╭─ MATERIAL PROVIDED

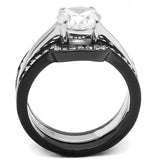 3 Piece Black Band Wedding Ring Round Brilliant Cut Cubic Zirconia Wedding Ring Set - Edwin Earls Jewelry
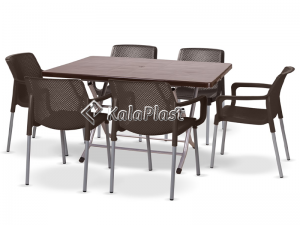 ست میز و صندلی 6 نفره نیلوفر 182-218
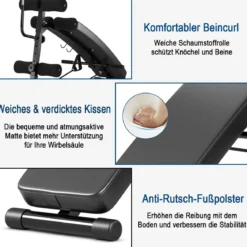 Sit Up Bank Höhenverstellbare TrainingsbankFitnessbankmit Punchingball Schwarz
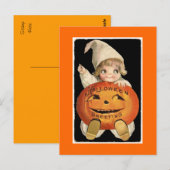 ヴィンテージ・ハロウィン・パンプキン・ベイビー - ポストカード (正面/裏面)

╰─

AIM OF THE EXERCISE:
Excluding pictures, copy exactly the lines from the line containing "ست میز و صندلی 6 نفره نیلوفر 182-218" through the last line of the data, inclusive.

SOLUTION FOR THIS TASK:
 ست میز و صندلی 6 نفره نیلوفر 182-218
 Sit Up Bank Höhenverstellbare TrainingsbankFitnessbankmit Punchingball Schwarz
 ヴィンテージ・ハロウィン・パンプキン・ベイビー - ポストカード (正面/裏面)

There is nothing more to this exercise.